C’è chi si è sentito escluso, perchè riguardava solo i Napoletani. (ma i Napoletani non sono comunque Italiani?)
C’è chi da partenopeo, si è sentito di escludere tutti gli altri, perchè NON erano NAPOLETANI. (e di nuovo come sopra)
C’è chi pensa che sia ingiusto premiare “solamente” la pizza napoletana quando ci sono anche tanti altri pregiati e storici prodotti culinari nel nostro Belpaese.

Ma se invece per una volta, provassimo semplicemente a essere soddisfatti per il traguardo, POSITIVO, raggiunto da nostri connazionali e colleghi, non sarebbe meglio?

In questo momento la ristorazione ha come primaria necessità quello di creare una rete di intenti. Siamo abituati ai campionati di calcio, dove tante sono le squadre e solo una vince lo scudetto.
Ma ci dimentichiamo che è lo sport a cui stiamo tutti giocando che rischia di perdere.
La qualità del prodotto, delle tecniche, del mercato, delle ricette e del lavoro che interessa ai pizzaioli è la stessa che interessa a chi lavora in cucina, in sala, nei bar e così via.

Ricevere un premio dall’UNESCO per un’arte come quella del PIZZAIOLO NAPOLETANO, non significa escludere le altre pizzerie e pizzaioli. Significa e può significare trovare spazio e opportunità affinchè altri prodotti e altre tradizioni vengano riconosciute allo stesso modo.

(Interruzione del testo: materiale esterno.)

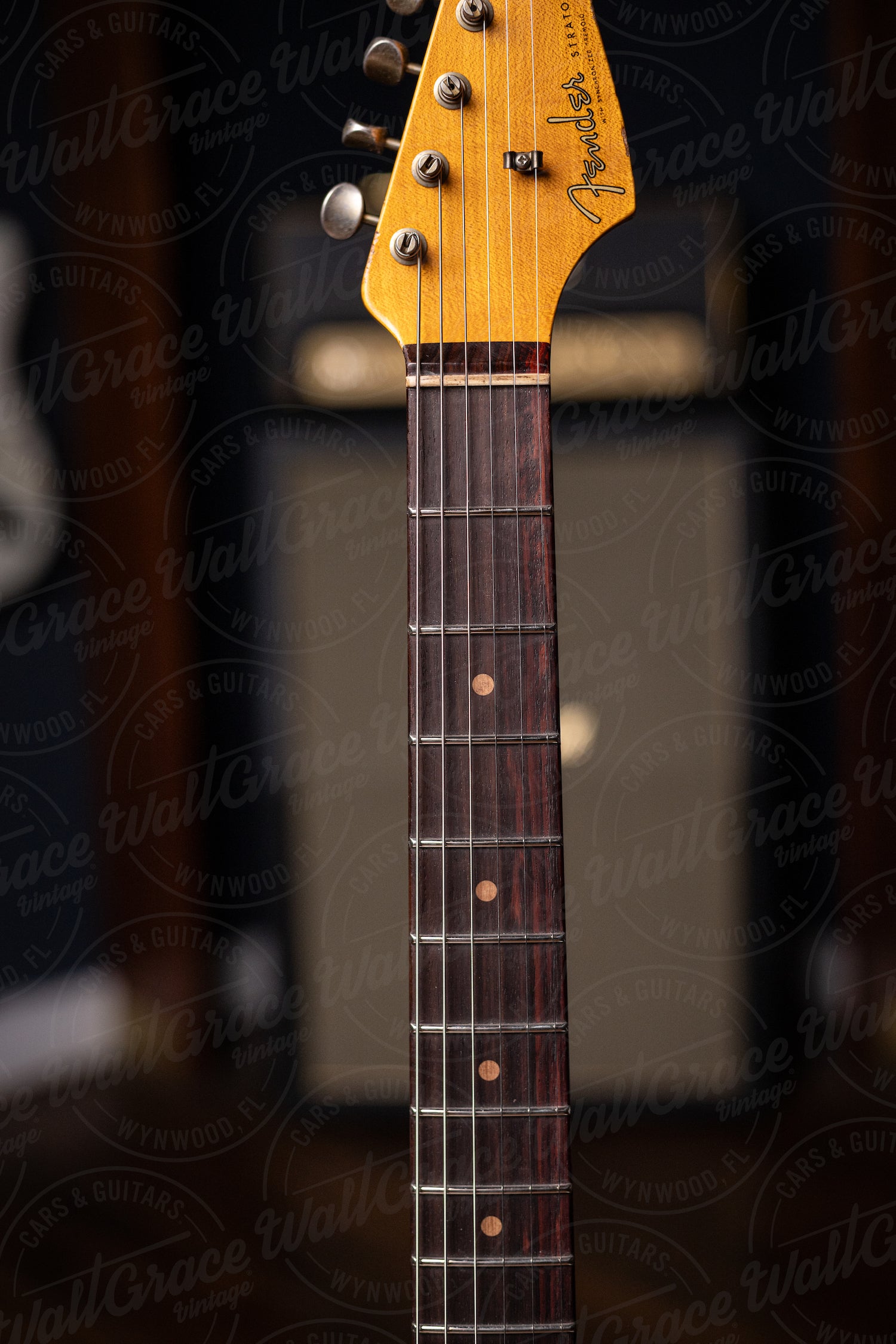 Fender Custom Shop 1960 Stratocaster Heavy Relic Electric Guitar - Aged Sonic over Sunburst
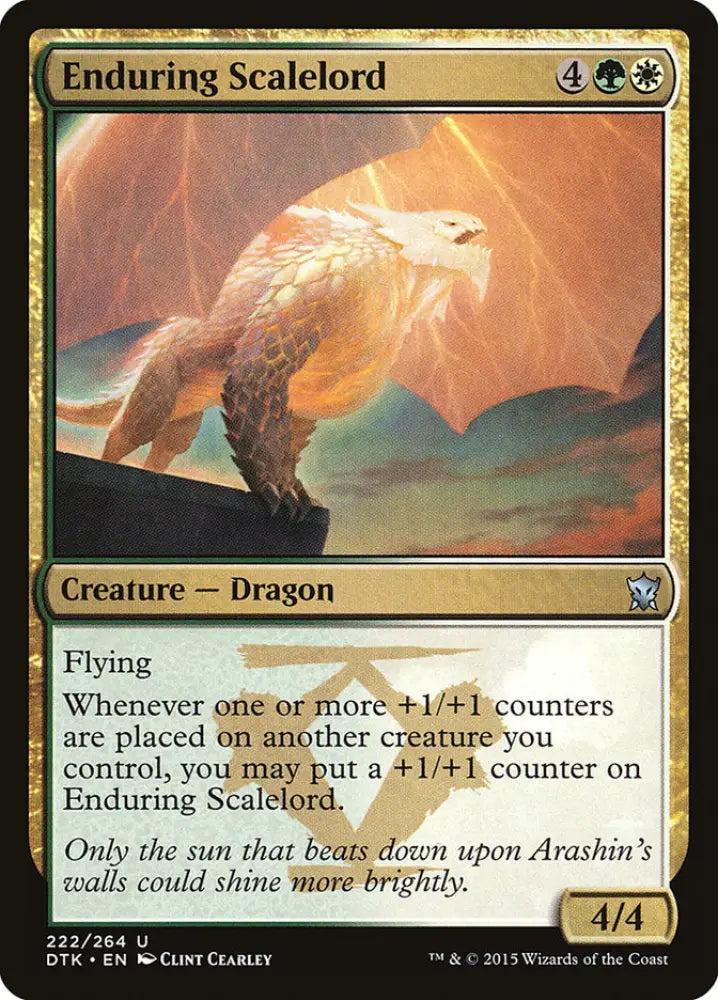 Enduring Scalelord [Dragons of Tarkir] - MTG Single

“Cosa sarebbe successo se fossero stati gli Stati Uniti con la loro pizza “american style” a diventare patrimonio Unesco?”

Il nostro BELPAESE è un universo costellato di tradizioni e saperi, di mestieri e conoscenze che il mondo da sempre ci invidia e che ora ci inizia a copiare.
Non è solo il mercato, l’economia di queste tradizioni, che viene minato, ma la tradizione stessa.

Ben vengano allora questi riconoscimenti così come lo studio scientifico, finanche il miglioramento tecnico delle tradizioni che mai sono state ferme e immutate nel tempo. La stessa scienza si è più volte dovuta ricredere rispetto ai propri dogmi, figuriamoci la ricetta della pizza.

Ma soprattutto cerchiamo di essere coesi, ne gioveremo tutti alla fine.
Oggi grazie alla raccolta di 2 milioni di firme siamo qui a parlare dell’ARTE della PIZZA NAPOLETANA.
Cosa sarebbe successo se fossero stati gli Stati Uniti con la loro pizza “American Style” a diventare patrimonio Unesco?

Non aspettiamo che siano gli altri a farci capire il valore che abbiamo.